▸ What to do: Word for word, output the data, with none of its pictures.

▸ Source data:
★ ★ ★
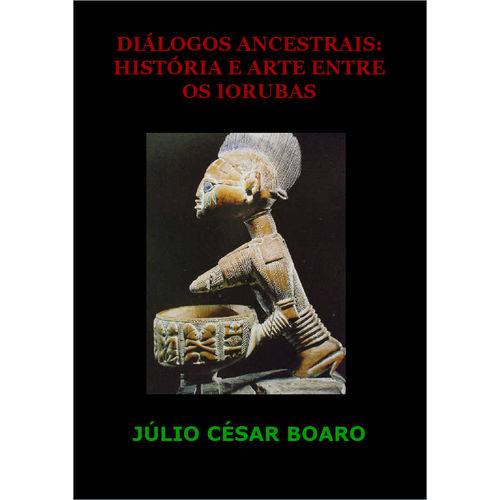 Diálogos Ancestrais: História e Arte Entre os Iorubas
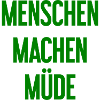 Menschen machen müde - Lustiger Spruch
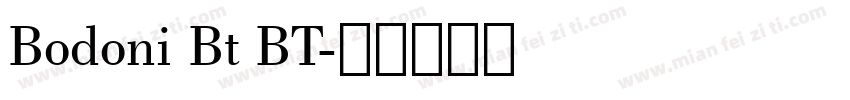 Bodoni Bt BT字体转换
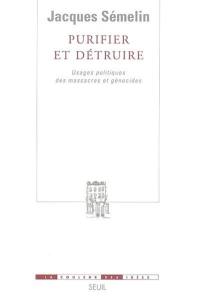 Purifier et détruire : usages politiques des massacres et génocides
★ ★ ★
▸ Result of this task:
 Diálogos Ancestrais: História e Arte Entre os Iorubas
 Menschen machen müde - Lustiger Spruch
 Bodoni Bt BT字体转换
 Purifier et détruire : usages politiques des massacres et génocides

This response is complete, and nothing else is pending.